%%

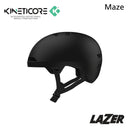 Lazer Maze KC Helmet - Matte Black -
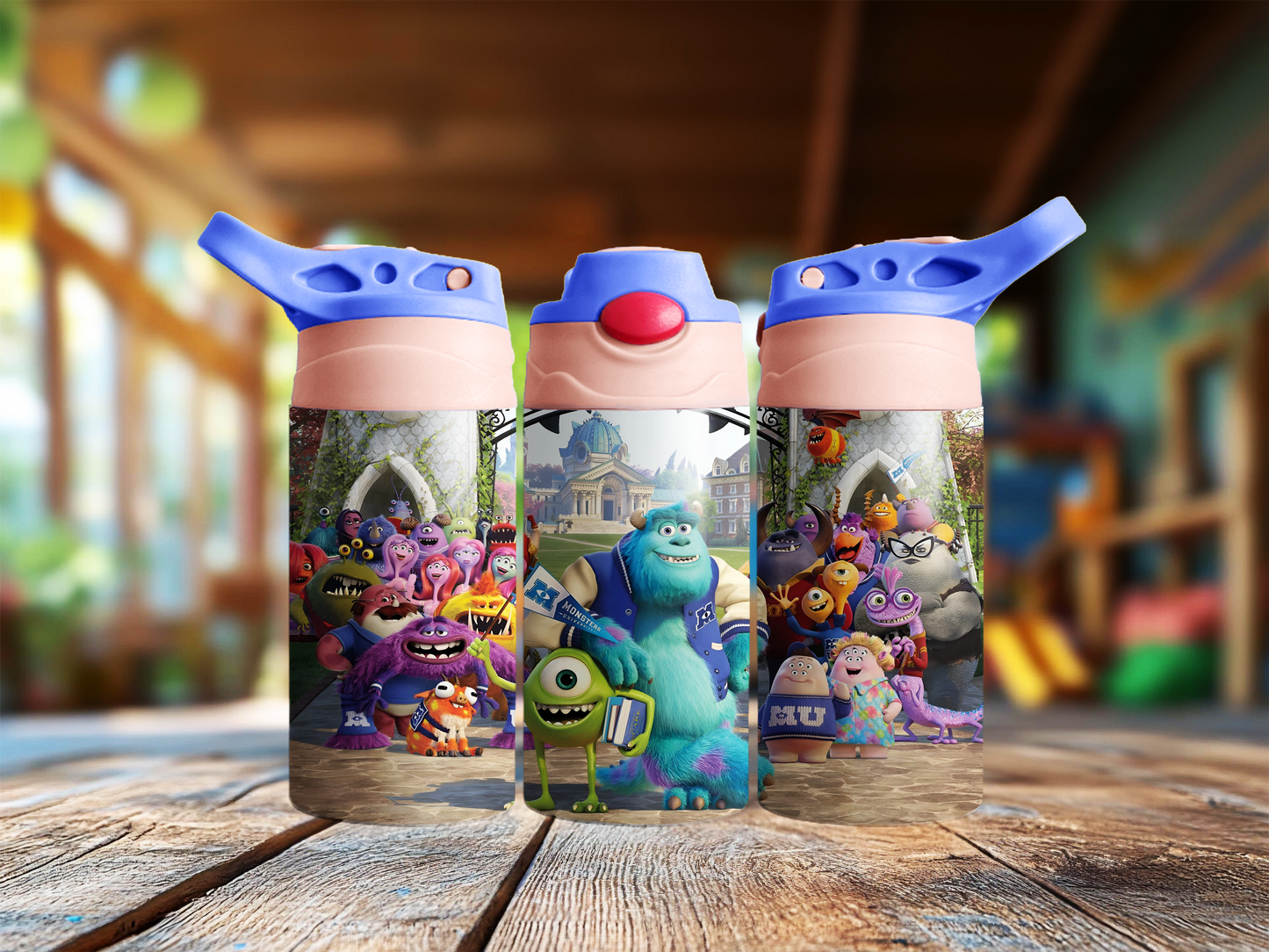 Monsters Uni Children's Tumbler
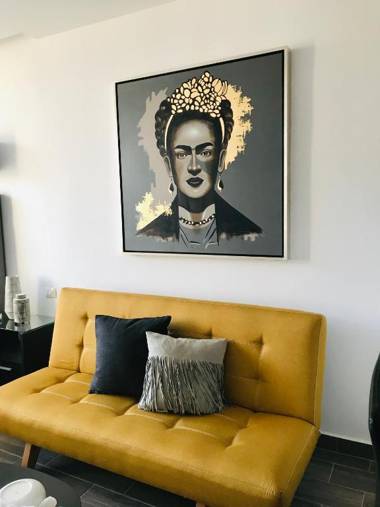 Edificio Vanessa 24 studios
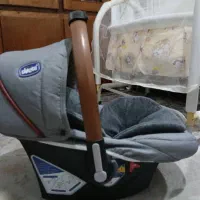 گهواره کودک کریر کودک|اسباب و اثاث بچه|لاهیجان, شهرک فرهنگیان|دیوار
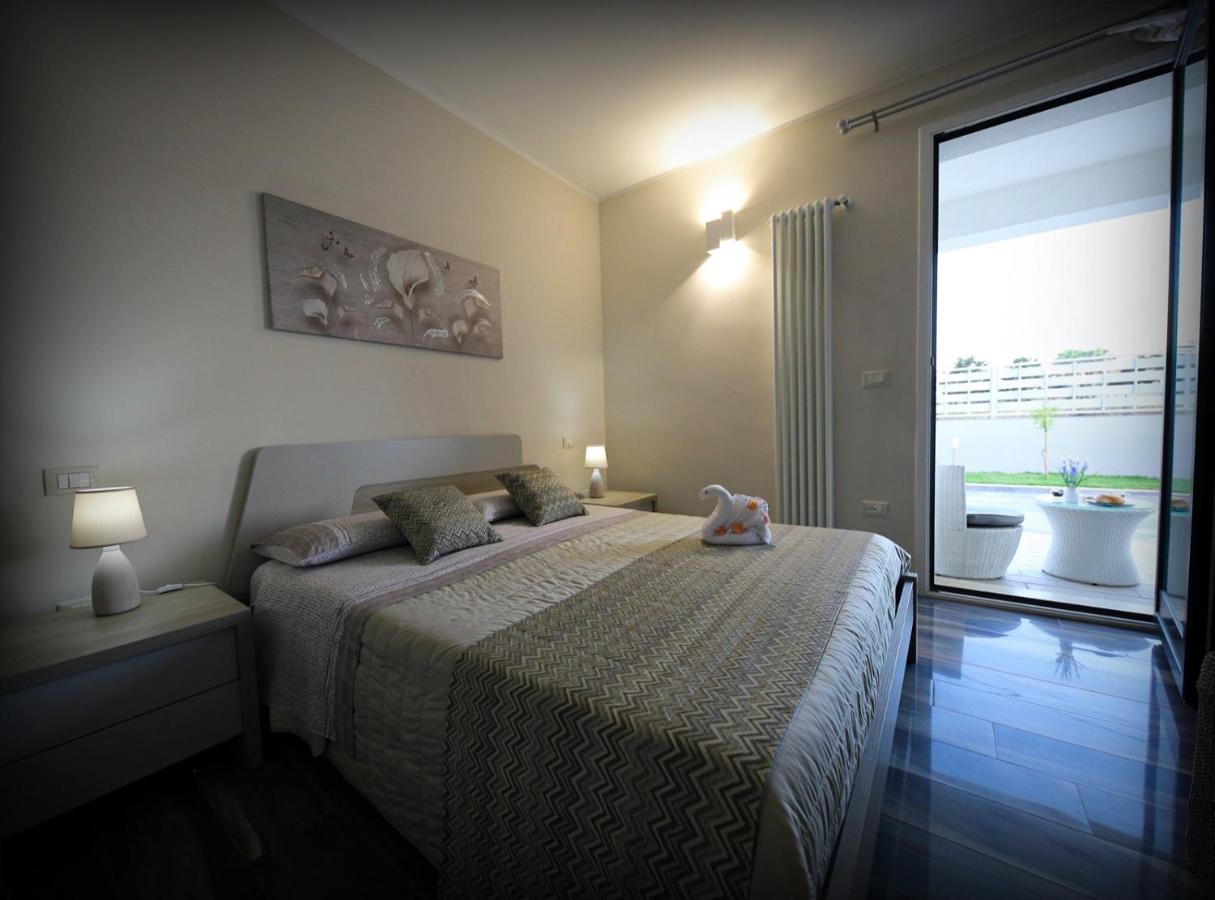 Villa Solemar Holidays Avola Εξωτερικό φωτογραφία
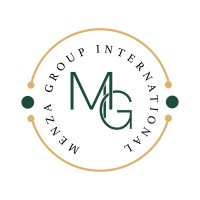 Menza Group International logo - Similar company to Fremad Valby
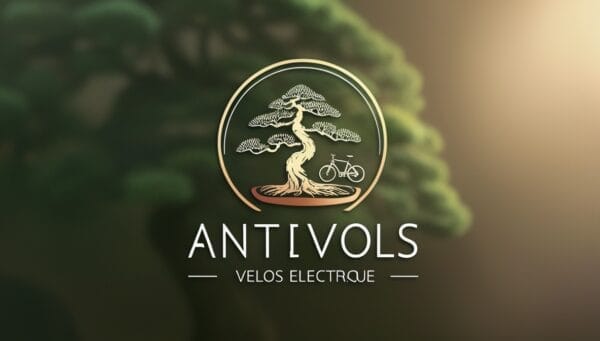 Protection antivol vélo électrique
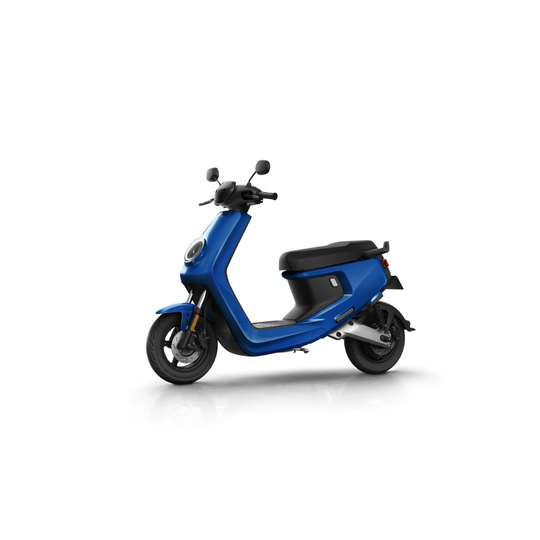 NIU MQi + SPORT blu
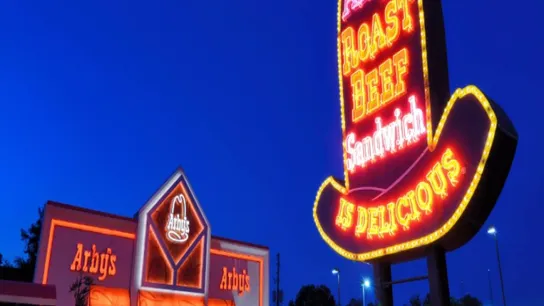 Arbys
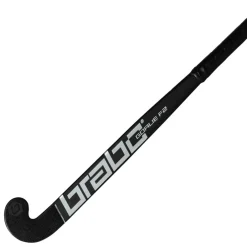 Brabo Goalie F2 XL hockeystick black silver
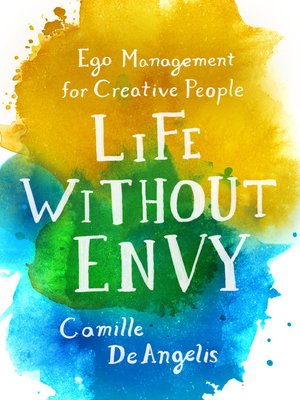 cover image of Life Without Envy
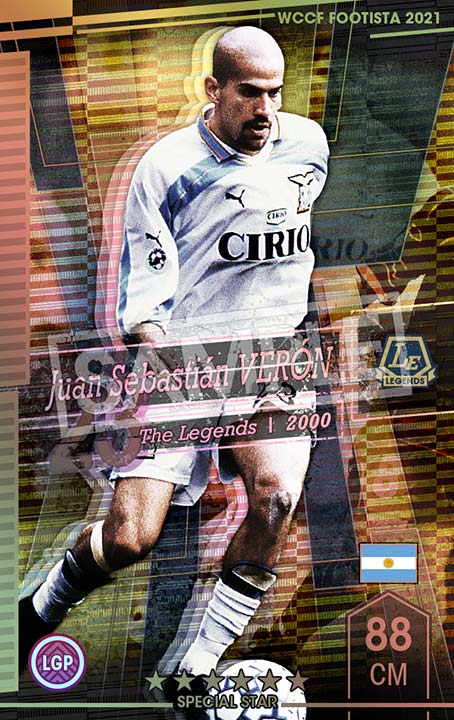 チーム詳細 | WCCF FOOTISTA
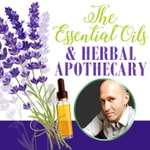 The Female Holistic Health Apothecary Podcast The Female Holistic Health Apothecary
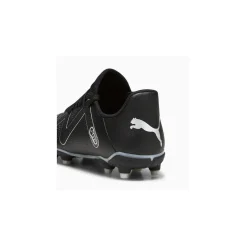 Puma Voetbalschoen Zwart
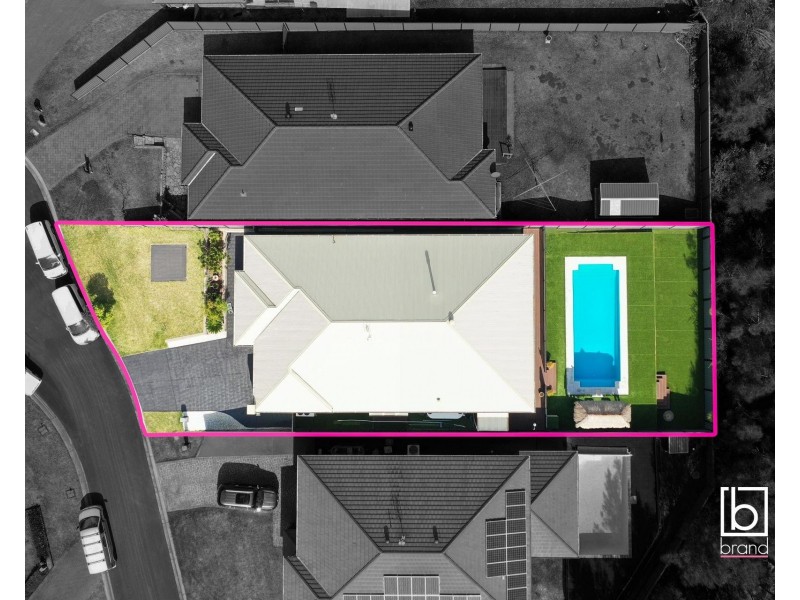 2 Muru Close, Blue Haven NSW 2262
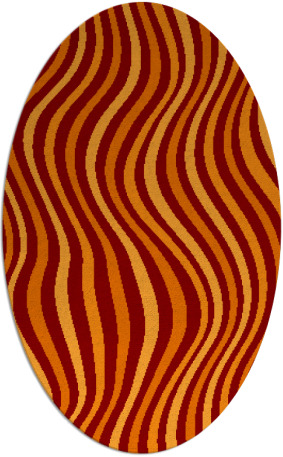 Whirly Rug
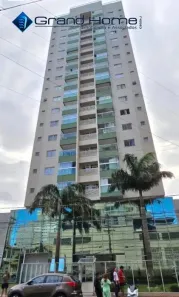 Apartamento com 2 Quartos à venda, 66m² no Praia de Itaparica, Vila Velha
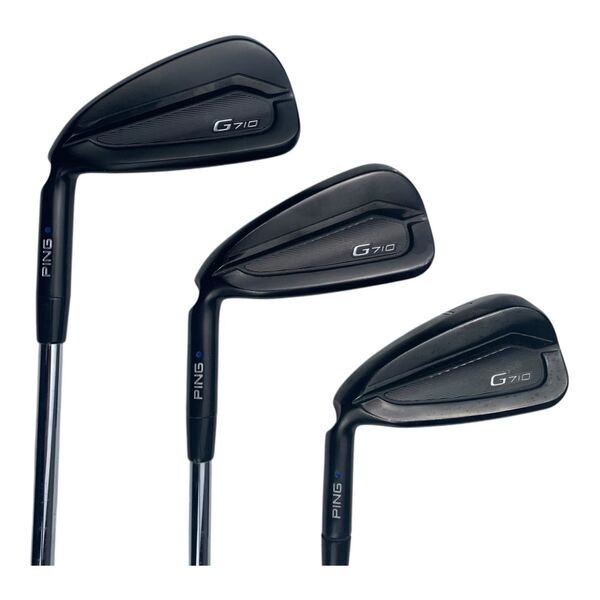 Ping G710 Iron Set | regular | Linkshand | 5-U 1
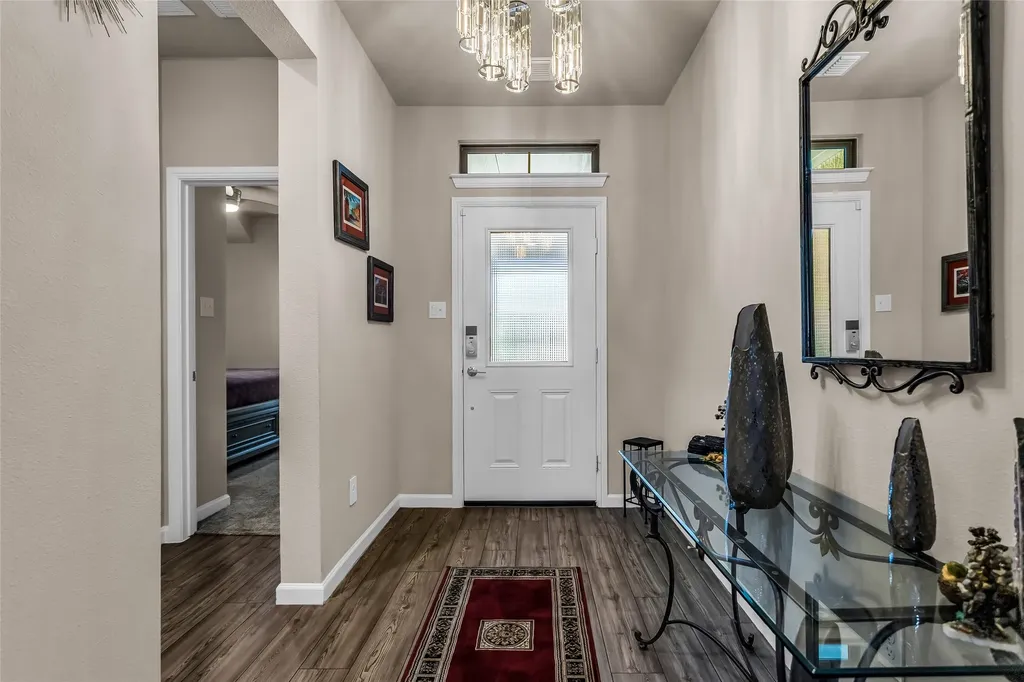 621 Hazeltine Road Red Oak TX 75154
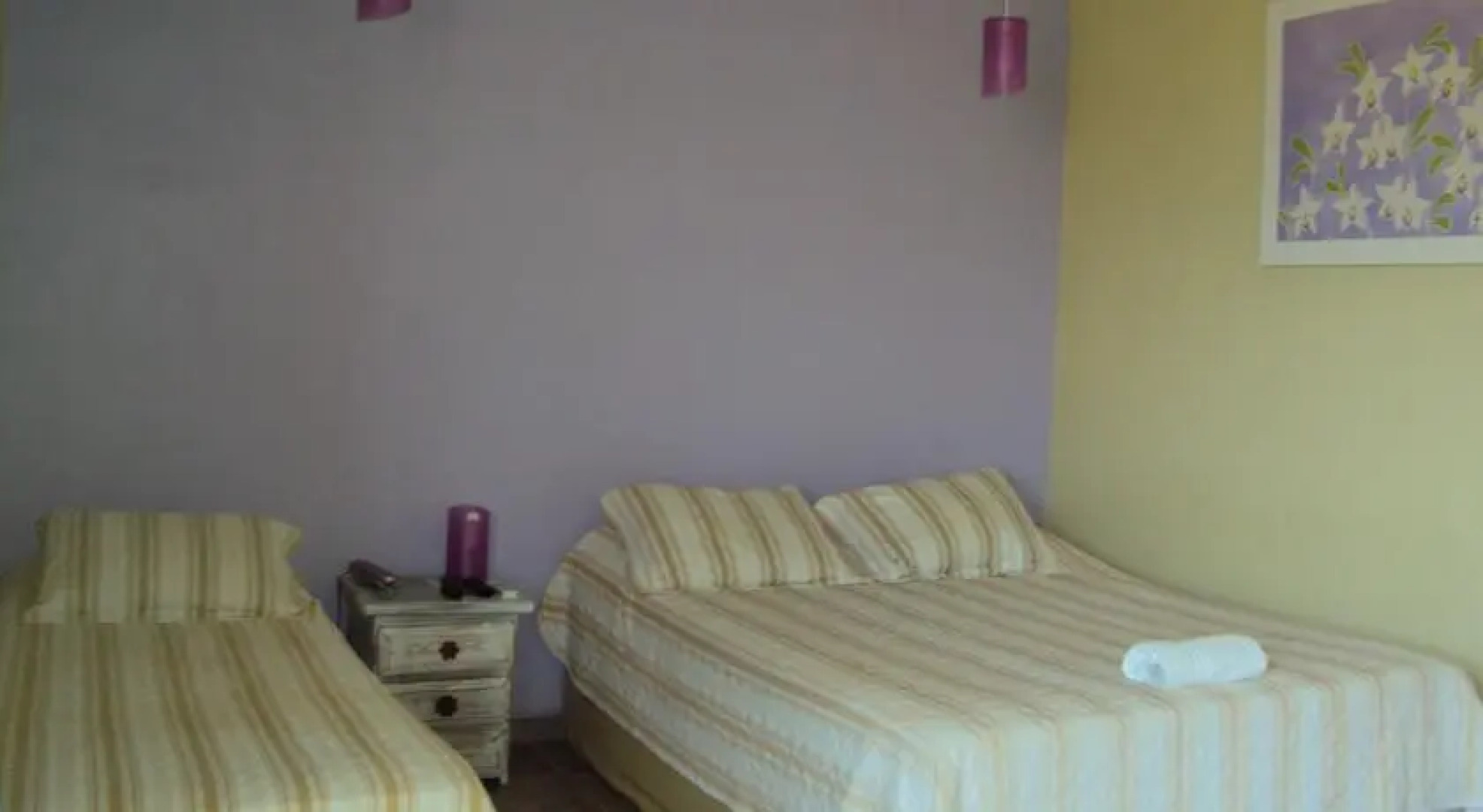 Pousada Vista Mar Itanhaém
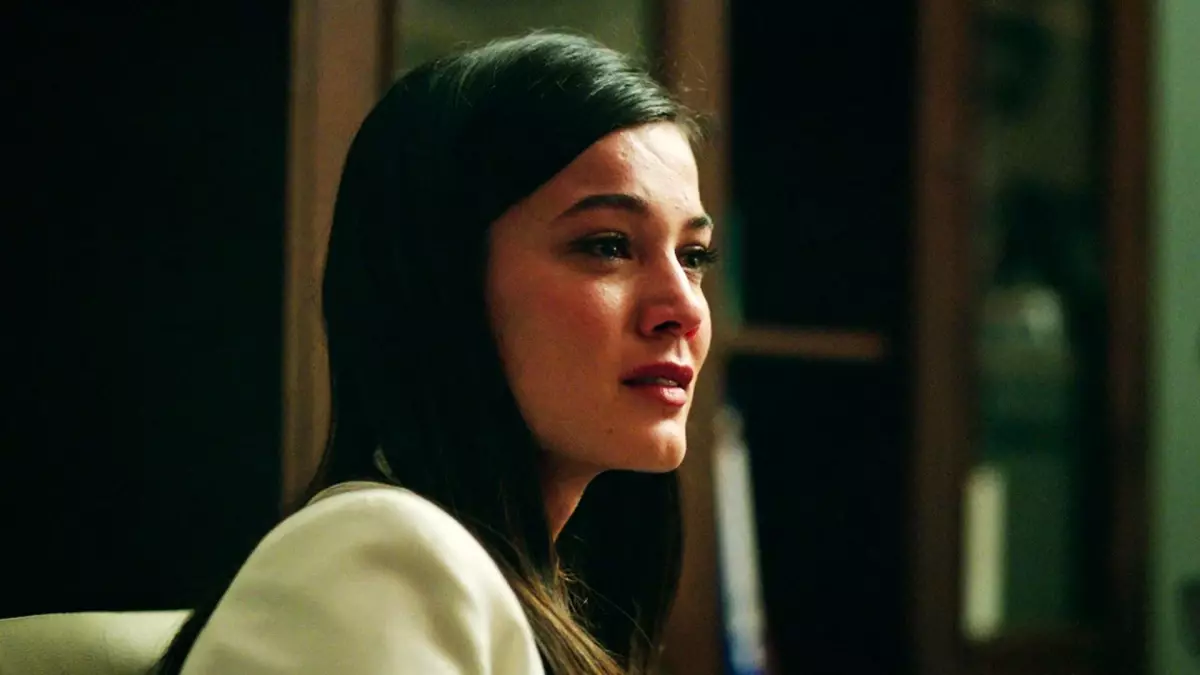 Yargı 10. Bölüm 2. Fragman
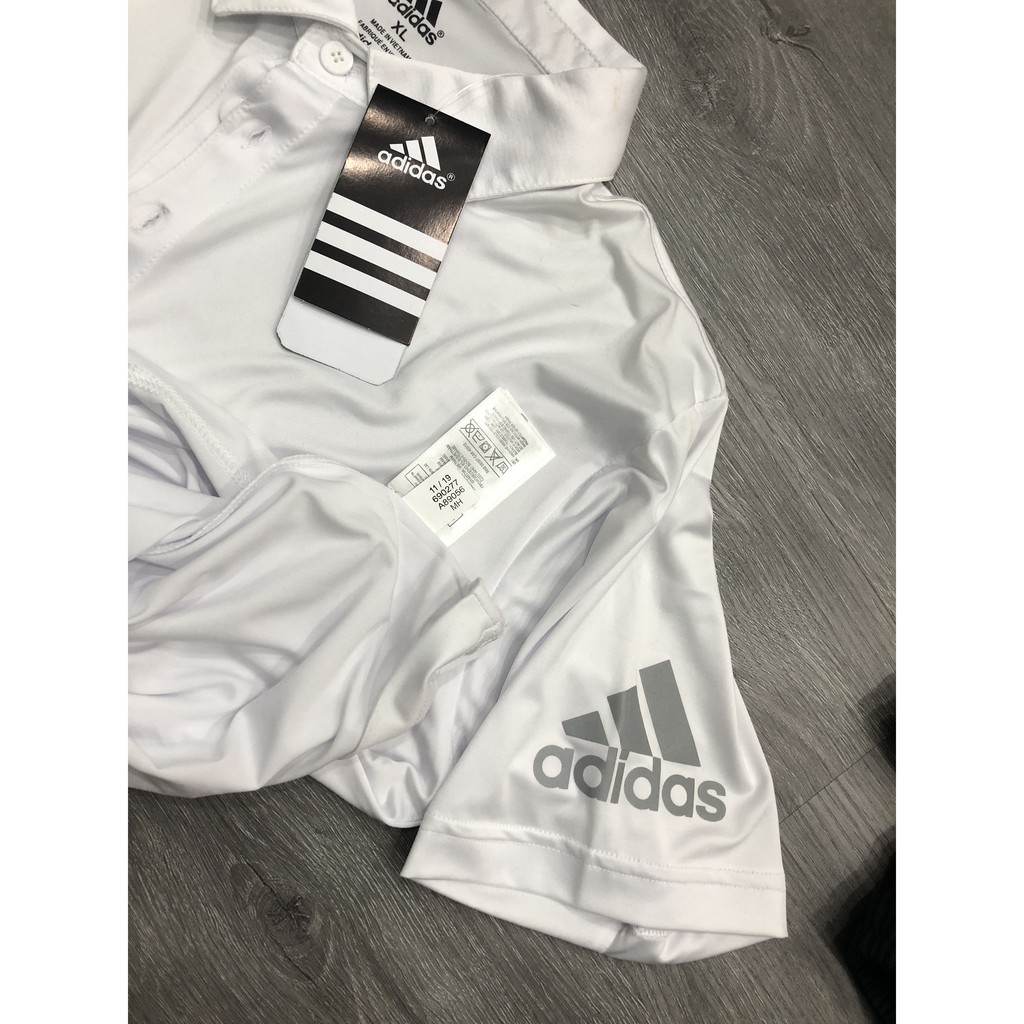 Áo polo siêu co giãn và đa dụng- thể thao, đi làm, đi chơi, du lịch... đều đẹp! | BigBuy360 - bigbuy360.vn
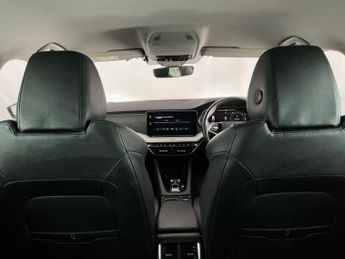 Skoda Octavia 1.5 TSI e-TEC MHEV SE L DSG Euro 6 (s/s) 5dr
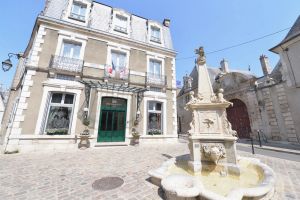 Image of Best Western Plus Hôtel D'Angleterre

%%

= What is needed =
Starting from the first line of the listing above, write out every line exactly through the one containing "チーム詳細 | WCCF FOOTISTA", and drop the pictures.

= Task answer =
 Lazer Maze KC Helmet - Matte Black -
 Monsters Uni Children's Tumbler
 Edificio Vanessa 24 studios
 گهواره کودک کریر کودک|اسباب و اثاث بچه|لاهیجان, شهرک فرهنگیان|دیوار
 Villa Solemar Holidays Avola Εξωτερικό φωτογραφία
 Menza Group International logo - Similar company to Fremad Valby
 Protection antivol vélo électrique
 NIU MQi + SPORT blu
 Arbys
 Brabo Goalie F2 XL hockeystick black silver
 cover image of Life Without Envy
 チーム詳細 | WCCF FOOTISTA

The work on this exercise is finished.